Selon Le Matinal, ce qu’il faut savoir dans cette affaire ASUSU : ‘’tout serait parti d’une mission de la Commission Bancaire de la BCEAO au niveau de cette institution de microfinance et qui a révélé des graves manquements dans la conduite de cette société anonyme. Asusu SA aurait outrepassé ses compétences en assurant les services de banque, ou encore en finançant certains groupements. Ce qui a amené le ministre des finances à prendre des mesures (menaces de retrait d’agrément, démission de la directrice Mme Réki Djermakoye, etc.) qui ne sont pas du gout des responsables de Asusu SA’’, nous apprend le quotidien Le Matinal.

A propos de l’argument selon lequel les sociétés d’Etat seraient tenues par la mesure du Compte unique du trésor (CUT) soutenue par Le Matinal, Le Courrier pense que cela n’est qu’une manœuvre. Et le Courrier qui croit à la thèse du complot a étayé sa thèse avec le débauchage du personnel d’ASUSU par Al IZZA qui propose aux cadres d’Asusu des salaires du simple au triple, selon Le Courrier. Mais Le Matinal soutient que les comptes d’Asusu SA seraient au rouge raison pour laquelle, soutient le journal, les sociétés publiques voudraient sécuriser leurs fonds déposés dans les comptes d’Asusu.

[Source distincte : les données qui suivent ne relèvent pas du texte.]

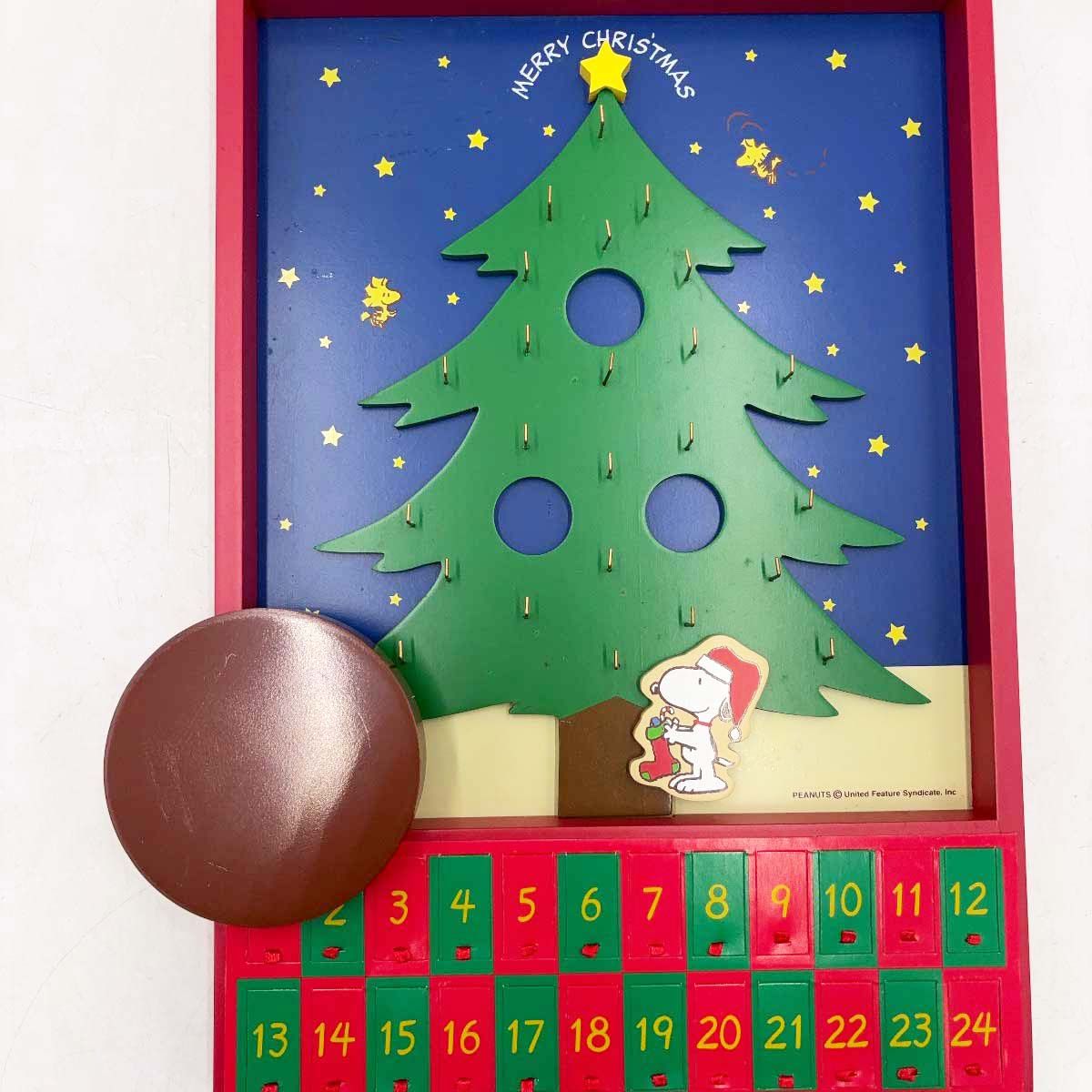【未使用】スヌーピー カレンダーツリーオーナメント クリスマス カウントダウン PEANUTS ピーナッツ 未使用】スヌーピー カレンダーツリーオーナメント クリスマス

Les vérités de Mme Ibrahim Yacouba Réki Djermakoye

Pour avoir plus de précision sur cette affaire, nous avons rencontré Mme Ibrahim Yacouba Réki le Samedi 17 Mars dernier. Elle a bien voulu nous donner ce qu’elle a appelé sa version technique des faits. Il faut dire tout de go qu’il n’y a aucun doute que la crise est réelle. Le ministère des finances envisage bel et bien le retrait d’agrément à Asusu ou  démettre de la Directrice générale.

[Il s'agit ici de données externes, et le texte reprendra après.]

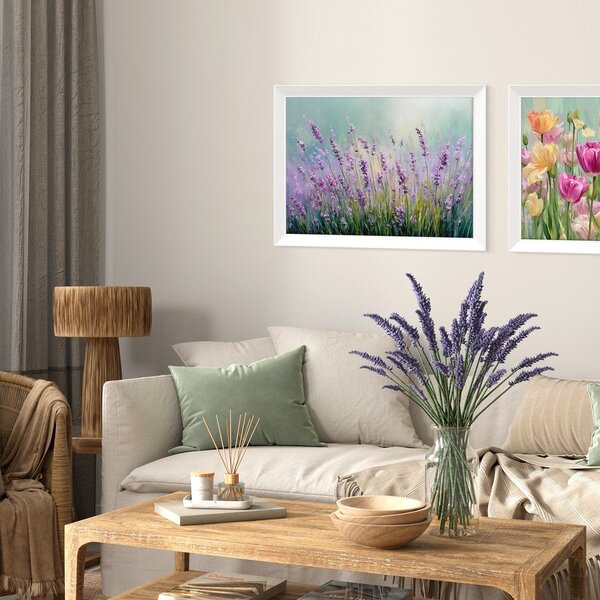 Печатна картина с включена рамка 75x56 cm Lavender – Styler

 Selon Mme Ibrahim Yacouba Réki, Directrice générale d’Asusu, il y a des facteurs exogènes qui ont impacté la vie de son institution. Dans ce qu’on appelle désormais affaire Asusu SA, le problème des contractuels constitue un épisode majeur. En effet, selon la responsable d’Asusu dans le cadre de son projet scolarisation de la jeune fille, Asusu avait signé un accord de partenariat avec le gouvernement pour la bancarisation des contractuels. Ainsi Asusu s’est engagé à payer les contractuels à terme échu pour leur maintien à l’école afin de rester enseigner pour inverser la tendance à la fuite de ces enseignants. Mais entre-temps l’Etat avait accumulé 3 à 4 mois d’arriérés soit environ 4 milliards. En 2016, du fait du poids de ces arriérés de l’Etat à son encontre, Asusu ne pouvait plus tenir son engament vis-à-vis des contractuels. Cela s’est traduit par la dégradation de la situation entre contractuels et gouvernement. En plus d’autres facteurs exogènes comme la récession au Nigeria, les attaques de Boko Haram qui ont occasionné la fermeture d’une dizaine d’agences Asusu, le déguerpissement des petits commerçants n’ont pas été à la faveur d’Asusu selon la Directrice générale. En ce qui concerne la récession du Nigeria, elle a impacté l’opération embouches où Asusu finance les groupements féminins dans l’achat des moutons. Le déficit de la campagne agricole dans certaines régions a été également un autre facteur exogène défavorable pour Asusu.

Selon la Directrice générale d’Asusu, malgré l’épisode d’arriérés des contractuels, Asusu a su honorer ses engagements vis-à-vis de ses clients et partenaires. Mme Ibrahim Yacouba Réki nous a confirmé avoir reçu le contrôle de la Commission Bancaire. Celle-ci lui aurait fait des recommandations. Asusu serait à 93% de réalisations dans la mise en œuvre des recommandations de la Commission Bancaire. C’est dans ce sens d’ailleurs que lorsqu’il s’était agi de renvoyer 69 agents, la DG avait renoncé à son salaire de Directrice pour sauver ces employés, nous a-t-elle confié.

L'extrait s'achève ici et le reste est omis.